Сизову Шакуров неожиданно понравился, он его утвердил. А вот Ерголину-Друбич утверждать Сизов наотрез отказался. Я был изумлен.
— Что такое? Почему? — Мне вдруг стало ужасно обидно и за Таню, и за Милу, даже почему*то и за себя самого. — Он что, спятил?
— Понимаешь, — замялся Лев Оскарович, слегка даже зардевшись. — Трофимычу в чутье отказать нельзя. Оно у него абсолютное. Комсомольское. Не зря он во время войны возглавлял отдел ЦК ВЛКСМ по обороне.
— Но дело*то в чем?
— Нехорошо, говорит он, когда два русских мальчика расшибают себе лбы из-за любви к одной еврейской девочке.
— Какой еще «еврейской девочке»?! — Я даже не понял, о чем шла речь.
— Ну, к Тане Друбич.
— Это что за разговоры? — Я даже не понял спервоначалу, о чем речь. — Это вы о Тане Друбич? — кричал я и бил себя кулаком в грудь. — Да я ее маму видел. Абсолютно русская женщина.
Я тут же поручил второму режиссеру Алику Григоровичу ехать к Таниной маме и «из первых рук» выяснить, что к чему. А уже потом, мол, — думал я, — сам заявлюсь к Сизову и устрою истерику: «Что вы придумываете?» Ну, наверное, соображал я, раз у нее фамилия Друбич, там какие-нибудь сербские или южнославянские крови, может, и намешаны, но вообще мое ли дело разбираться в составе крови?

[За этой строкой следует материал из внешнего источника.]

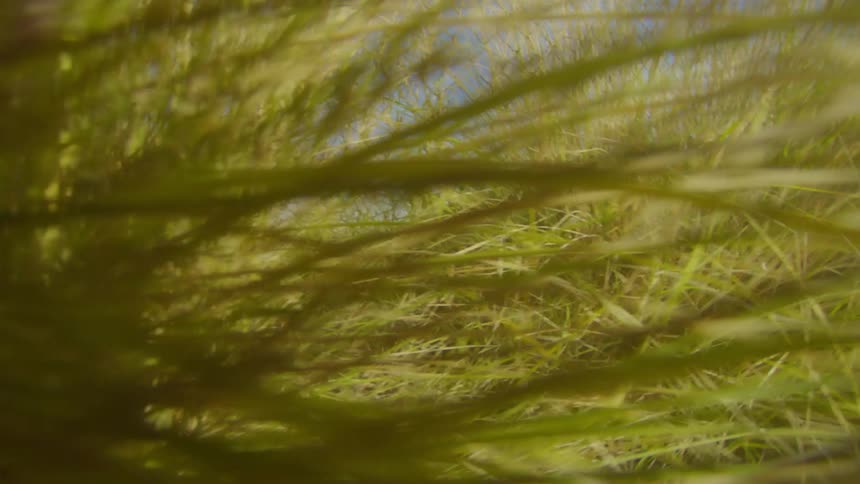 A clip of weeds in the forest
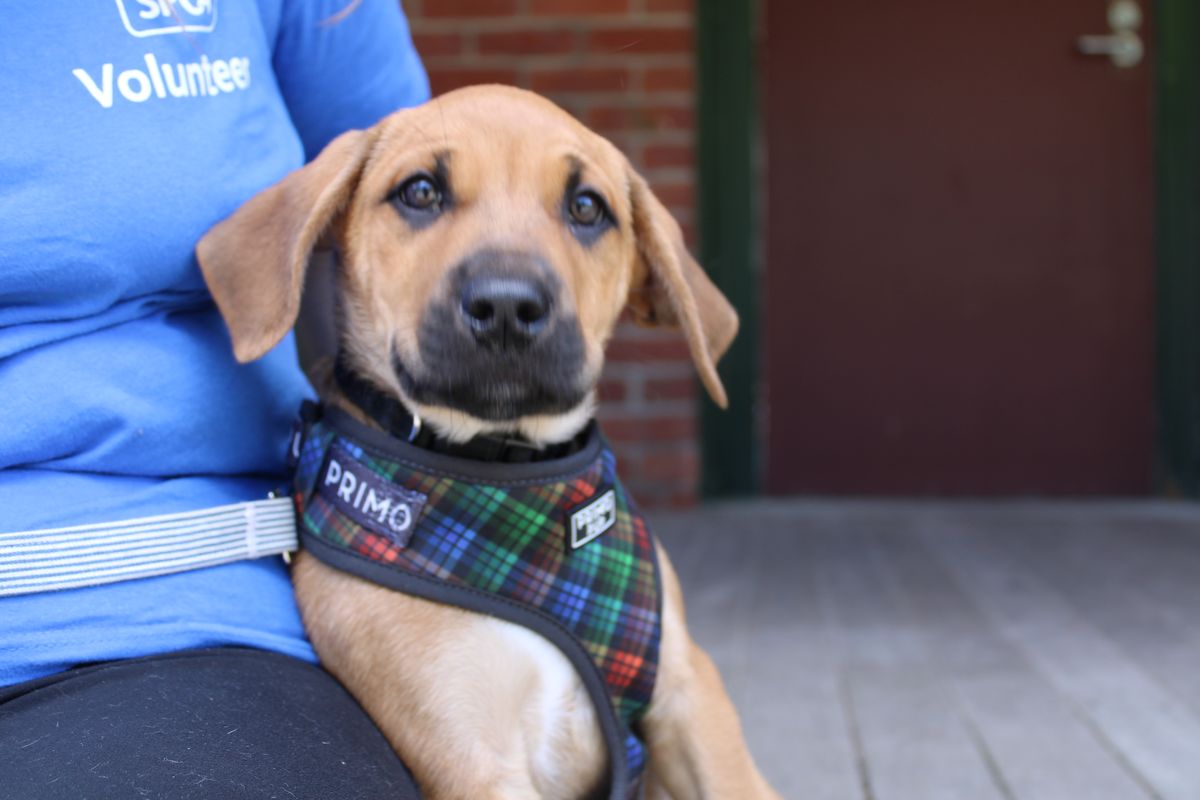 Gallery image: William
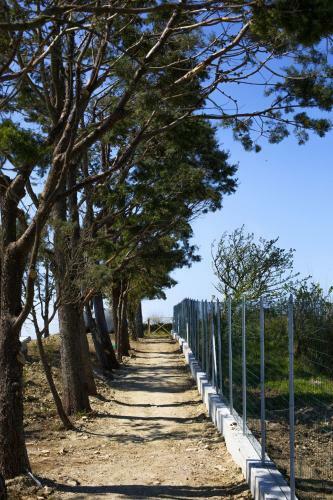 Amore Rentals - Villa Ligea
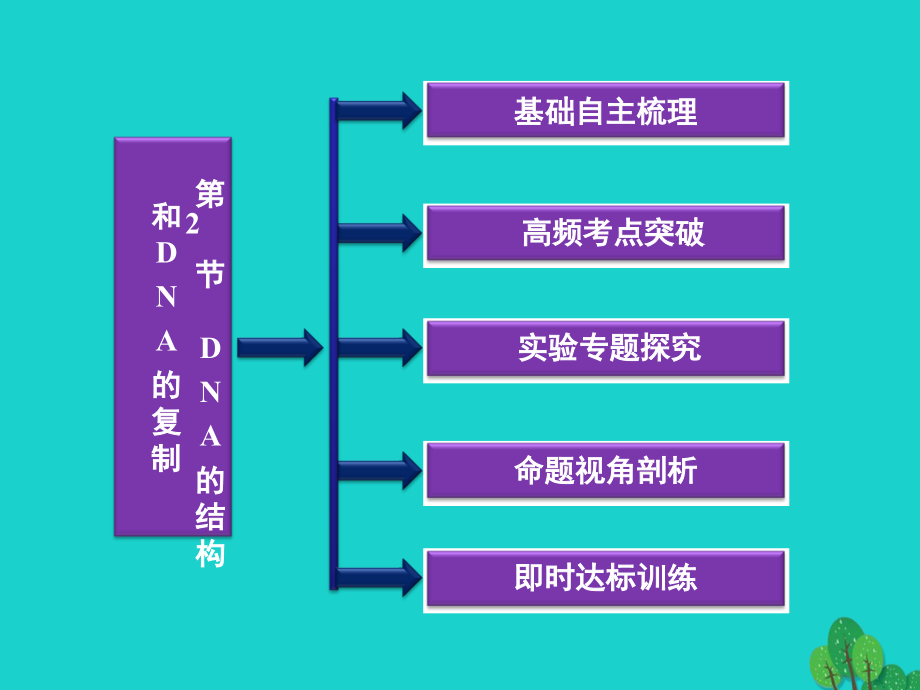 2019届江苏专用高考生物总复习第4章遗传的分子基础第2节DNA的结构和DNA的复制讲义苏教版必修.ppt_第2页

Да ни при каких обстоятельствах это меня вообще не касается, тем более в столь ясном, как этот, случае.
Через два часа Алик вернулся до крайности удрученный.
— Ужас, — сказал он, вздохнув.
— Не может быть, — ахнул я, потрясенный безошибочностью сизовского классового чутья и глубиной подлинной кадровой выучки настоящего большевика.
— Нет, конечно, — бормотал Алик, как бы оправдываясь. — Наверное, и сербские, и итальянские, и греческие крови есть…
Но тут уже настала очередь, чтобы заклинило меня. Я снова разобиделся. Раз вопрос ставится так, то вариантов вообще не будет. Когда*то, к тому же, я учился на курсе у Ромма, как и все вгиковцы читал затертую стенограмму его памятной речи в ВТО. Я краем уха слышал, конечно, и до этого кое-что про эти наши тупые первобытные «национальные проблемы», но на своем опыте никогда ни с чем подобным в жизни не сталкивался.
— Уймись. Ты что, не понимаешь, в какую похабную дурость все это может вылиться? — попытался утихомирить меня мудрый, битый Арнштам.
— Я отказываюсь вообще подобное обсуждать. Или будет так, как я сказал: в этой роли снимается Таня, — или пусть не будет никак…
Арнштам понял, что заехали в тупик.
— Тогда вообще не появляйся на студии пару дней. Я сам его доломаю…
Что уж он там говорил Сизову, как он его «доламывал», я не знаю, но еще через пару дней Арнштам вызвал меня, сияющий:
— Все. Я договорился. Снимай.
Тут уж мне опять стало дурно и тоскливо до невозможности. Как в дурном сне, все вернулось на круги своя — ничего общего с моей Ерголиной эта героически отвоеванная греко-итальянская Друбич по-прежнему в моем измученном сознании не имела. Никакой радости от победы не было. Я хорошо понимал, что настоял из чисто идейного упрямства. Но теперь делать уже было нечего — мы подписали с Таней договор и поехали в экспедицию в Калугу.
Ничего не подозревающая Таня поселилась в калужской гостинице с бабушкой и мамой, я же, по свойственному нашей профессии потайному негодяйству, продолжал нашептывать ассистентам:
— Пусть они себе живут тут на здоровье, а снимать мы ее все равно не будем. Один из ассистентов пусть останется в Москве и ищет, ищет, ищет… Пусть каждый день он высылает мне фотографии новых кандидаток… А пока мы все вместе прикинемся шлангами и будем работать как ни в чем не бывало…
Так мы, прикидываясь искренними и честными художниками, снимали целый месяц. Все это время Таня была с нами в Калуге — и ни разу в кадре. Съемки всех ее сцен я откладывал «на потом». До последнего дня во мне теплилась надежда на чудо: вот приедет ассистент и приведет с собой на веревке «юную Купченко», а я уж тогда как-нибудь найду в себе силы, извинюсь перед Таней, повинюсь перед мамой и бабушкой. Наконец все съемочные резервы иссякли, и нам, кроме Тани, снимать уже было нечего.